Items from a data source

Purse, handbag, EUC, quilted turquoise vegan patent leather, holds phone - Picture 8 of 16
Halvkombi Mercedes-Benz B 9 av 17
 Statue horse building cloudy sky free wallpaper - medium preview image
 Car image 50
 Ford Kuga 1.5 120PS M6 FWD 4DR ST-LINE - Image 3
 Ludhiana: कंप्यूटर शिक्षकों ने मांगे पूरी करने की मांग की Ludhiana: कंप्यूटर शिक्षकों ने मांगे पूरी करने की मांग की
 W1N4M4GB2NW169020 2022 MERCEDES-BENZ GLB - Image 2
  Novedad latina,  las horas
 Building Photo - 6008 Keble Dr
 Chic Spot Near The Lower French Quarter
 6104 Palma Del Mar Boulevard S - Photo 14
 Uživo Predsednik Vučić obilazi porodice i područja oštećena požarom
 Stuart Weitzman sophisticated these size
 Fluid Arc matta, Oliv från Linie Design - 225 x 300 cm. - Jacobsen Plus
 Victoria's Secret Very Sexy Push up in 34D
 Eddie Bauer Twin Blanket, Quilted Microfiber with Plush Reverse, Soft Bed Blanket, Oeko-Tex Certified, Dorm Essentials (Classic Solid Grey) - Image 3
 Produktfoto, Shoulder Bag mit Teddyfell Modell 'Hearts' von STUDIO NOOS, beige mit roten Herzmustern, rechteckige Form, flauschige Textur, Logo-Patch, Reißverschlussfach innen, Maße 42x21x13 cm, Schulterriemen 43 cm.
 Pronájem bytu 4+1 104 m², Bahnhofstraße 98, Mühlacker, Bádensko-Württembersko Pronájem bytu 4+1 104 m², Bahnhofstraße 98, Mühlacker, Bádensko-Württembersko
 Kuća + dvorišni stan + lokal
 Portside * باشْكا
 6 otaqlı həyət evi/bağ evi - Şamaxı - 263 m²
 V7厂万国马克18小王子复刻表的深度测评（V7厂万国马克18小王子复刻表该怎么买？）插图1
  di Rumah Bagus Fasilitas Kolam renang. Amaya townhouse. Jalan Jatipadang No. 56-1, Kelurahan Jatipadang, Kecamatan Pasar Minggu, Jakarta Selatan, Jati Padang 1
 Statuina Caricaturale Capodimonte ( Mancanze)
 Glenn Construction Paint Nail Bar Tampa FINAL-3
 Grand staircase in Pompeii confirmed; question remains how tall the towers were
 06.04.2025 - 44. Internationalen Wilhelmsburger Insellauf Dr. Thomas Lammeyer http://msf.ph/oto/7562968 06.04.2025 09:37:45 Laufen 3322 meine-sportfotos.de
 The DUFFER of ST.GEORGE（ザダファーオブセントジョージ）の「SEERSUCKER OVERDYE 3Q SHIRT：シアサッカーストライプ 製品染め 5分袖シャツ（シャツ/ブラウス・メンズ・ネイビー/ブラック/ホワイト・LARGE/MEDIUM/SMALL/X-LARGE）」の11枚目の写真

» **WHAT THE EXERCISE ASKS**: Every line above from the line with "Uživo Predsednik Vučić" to the line with "Mühlacker, Bádensko-Württembersko Pronájem", both included, must be reproduced exactly, and no other line may appear.

» **TASK RESPONSE**:
 Uživo Predsednik Vučić obilazi porodice i područja oštećena požarom
 Stuart Weitzman sophisticated these size
 Fluid Arc matta, Oliv från Linie Design - 225 x 300 cm. - Jacobsen Plus
 Victoria's Secret Very Sexy Push up in 34D
 Eddie Bauer Twin Blanket, Quilted Microfiber with Plush Reverse, Soft Bed Blanket, Oeko-Tex Certified, Dorm Essentials (Classic Solid Grey) - Image 3
 Produktfoto, Shoulder Bag mit Teddyfell Modell 'Hearts' von STUDIO NOOS, beige mit roten Herzmustern, rechteckige Form, flauschige Textur, Logo-Patch, Reißverschlussfach innen, Maße 42x21x13 cm, Schulterriemen 43 cm.
 Pronájem bytu 4+1 104 m², Bahnhofstraße 98, Mühlacker, Bádensko-Württembersko Pronájem bytu 4+1 104 m², Bahnhofstraße 98, Mühlacker, Bádensko-Württembersko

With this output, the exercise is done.